Establishing QinetiQ’s corporate identity is an ongoing two-phase process. First, the firm begins operation as a wholly government-owned public limited company, or PLC, in which the secretary of state holds all the shares. Over the next 12 months, the company will develop its business record to help determine its value for trading. When ready, the Ministry of Defence probably will sell approximately 52 percent of QinetiQ’s shares in the first offering.
The ministry will keep the balance of shares for about two or three years to avoid causing severe market fluctuations, Peace explains. If the shares have increased in value over that time, then the government will realize greater returns from its second sale of shares. Even after this second sale, which would probably come in about four or five years, the ministry will retain a special share that will allow it to dictate to QinetiQ the nature of its business. This would ensure that the firm continues to provide independent and impartial scientific advice to the ministry without engaging in prime contract defense manufacturing, she notes. This special share also would give the ministry the means to prevent another firm or a foreign entity from buying a controlling interest in QinetiQ.

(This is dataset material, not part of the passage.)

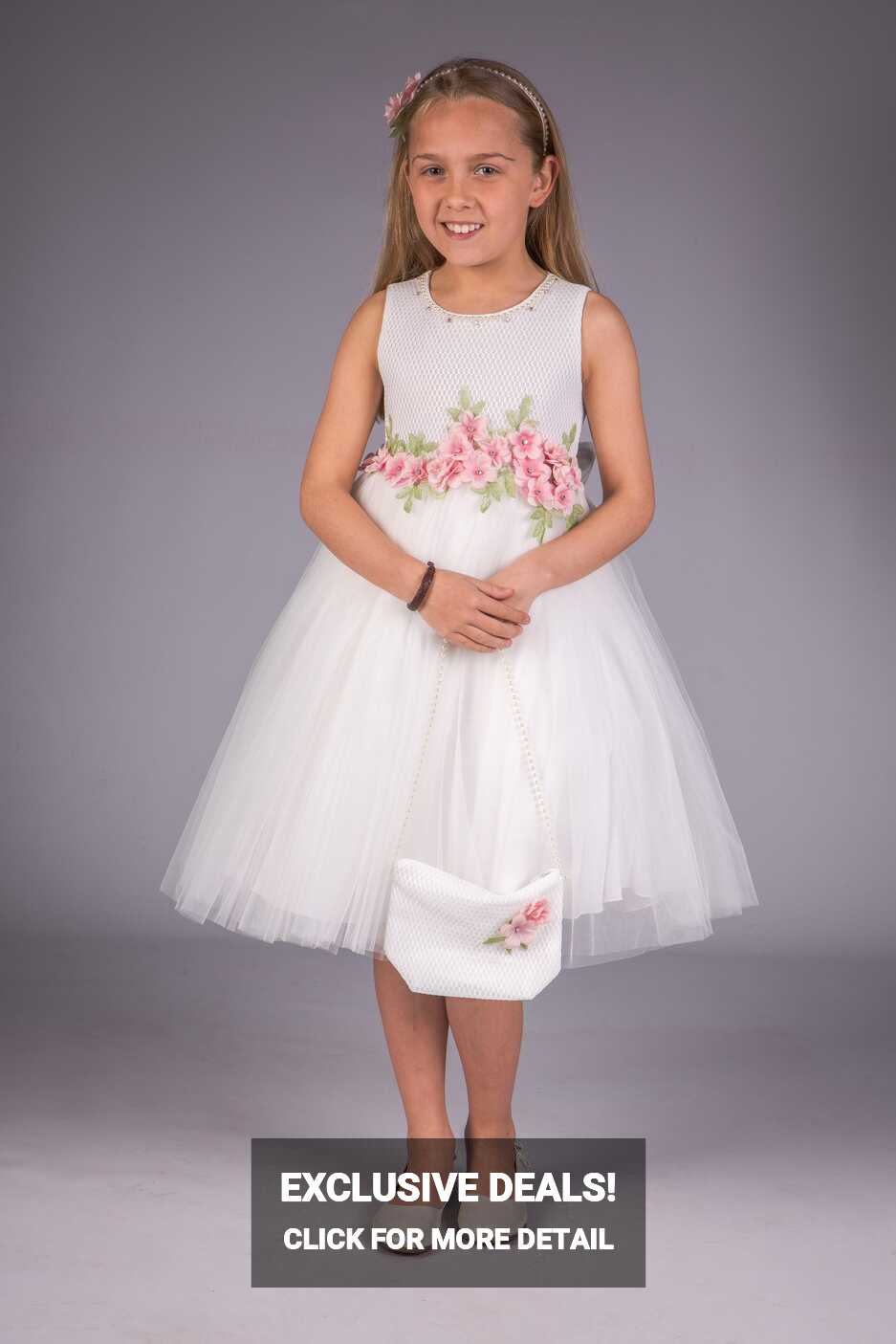 Girls White/Pink Flowers Dress – Occasionwear for Kids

QinetiQ’s corporate plan is to expand its commercial business base beyond the Ministry of Defence. This would involve a range of different markets covering traditional and new expertise. Foremost among these are the defense and aerospace markets, where QinetiQ would work for prime contractors and overseas governments. Other markets could include health care, environmental sciences, transportation, information technology and communications, electronics and secure e-business.
Another QinetiQ activity involves equity-based joint ventures. Peace explains that QinetiQ is joining its technology with other companies that can help produce and market products. One joint venture with NXT aims at introducing QinetiQ’s speech recognition technology for new applications. Another focuses on bi-stable displays, which can continue to display an image when power is cut off. Ford Motor Company already is considering QinetiQ’s volumetric imaging technology. Other potential technologies include liquid crystal displays, vehicles and software. Peace cites the Stanford Research Institute as the model for this activity.
As QinetiQ wins, loses or turns down research contracts, market pressures ultimately will shape the new company. Peace admits that these market forces may have the effect of changing QinetiQ’s core competencies. The Ministry of Defence will ensure that the government does not lose access to its full range of technology capabilities. Core capabilities that drop off QinetiQ’s menu probably will migrate to a university or another company, Peace suggests.
Peace admits that some international customers were wary of the DERA breakup. Now that QinetiQ has been defined and established, these customers have no problem establishing a contractual relationship with the new company. “In some ways, it simplifies relationships,” she says of the commercialization. “They know we do good work; they know they want to collaborate with us; they don’t actually have to go through the business of MOUs [memoranda of understanding]—they can simply form a contractual relationship.”